In the midst of a pandemic, when your organization is trying to keep up with and adhere to local, state and national regulations and orders to keep residents and staff members safe and healthy, staff training on human resources issues may not be foremost in your plans. Yet as recruiting and retaining workers continue to be challenges in senior living, a new survey suggests the importance of such training.

Employees leave managers, not companies, the Society for Human Resource Management said its recent survey affirms. According to the society:

  • 84% of survey respondents said that poorly trained people-managers create a lot of unnecessary work and stress.
  • 57% said managers in their workplace could benefit from training on how to be a better people-manager.
  • 50% of participants said they believe their own performance would improve if their direct supervisor received additional training in people management. 

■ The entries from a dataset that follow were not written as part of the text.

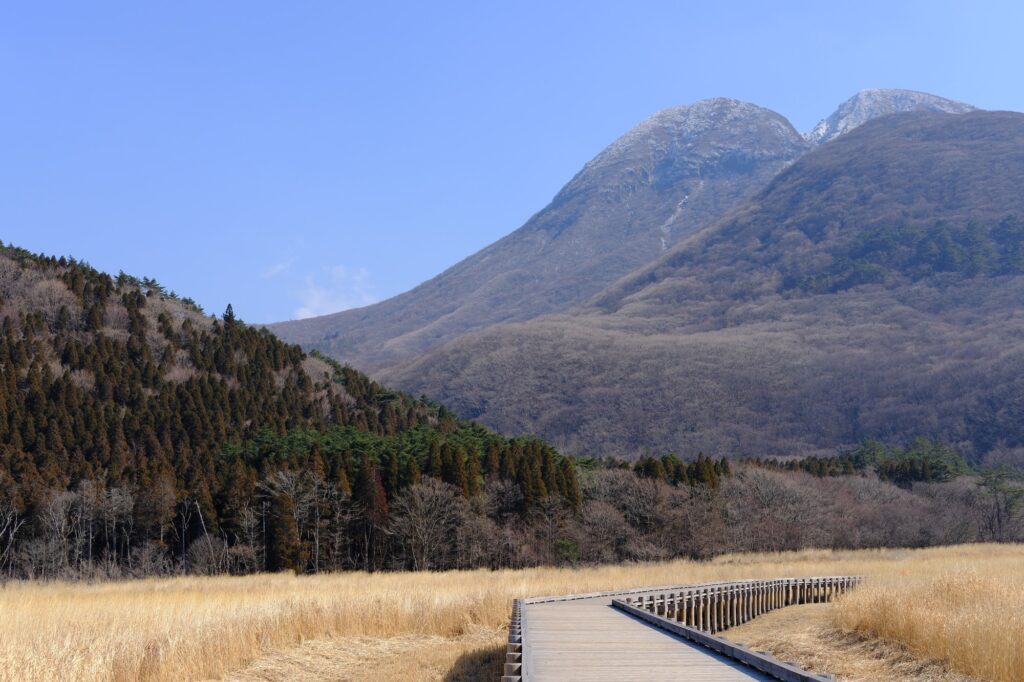 湿原の木道の奥に山が見える写真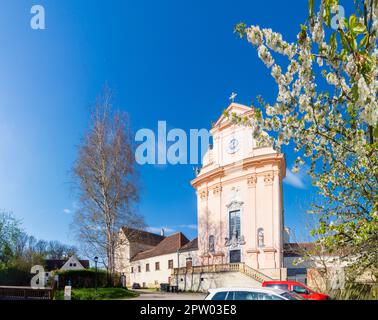 Mauerbach: Mauerbacher Charterhouse, Karthuserkirche, Blumenbaum in Wienerwald, Wienerwald, Niederösterreich, Niederösterreich, Österreich Stockfoto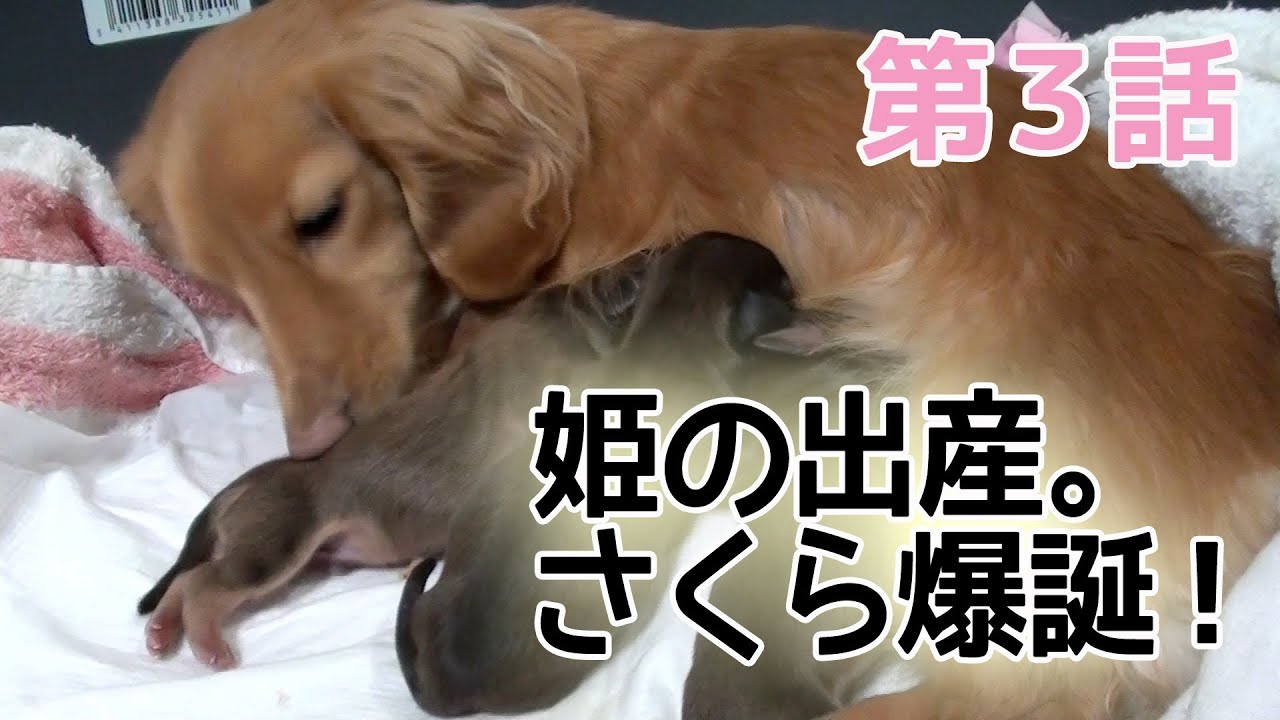 第３話　姫の出産。そして、さくら爆誕！ ミニチュアダックス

The top five skills people-managers could improve, according to respondents:

  1. Communicating effectively, 41%;
  2. Developing and training the team, 38%;
  3. Managing time and delegating, 37%;
  4. Cultivating a positive and inclusive team culture, 35%; and 
  5. Managing team performance, 35%.

“There is no relationship in the workplace more powerful than the one between people managers and employees,” SHRM President and CEO Johnny C. Taylor Jr. said. “As working Americans challenge organizations to manage and lead differently, those that don’t will find themselves left behind.”

So as you’re looking around your community and wondering how to maintain or improve morale and keep your best workers, give a thought to these findings and skills and see whether your own employee research or training program might be in order.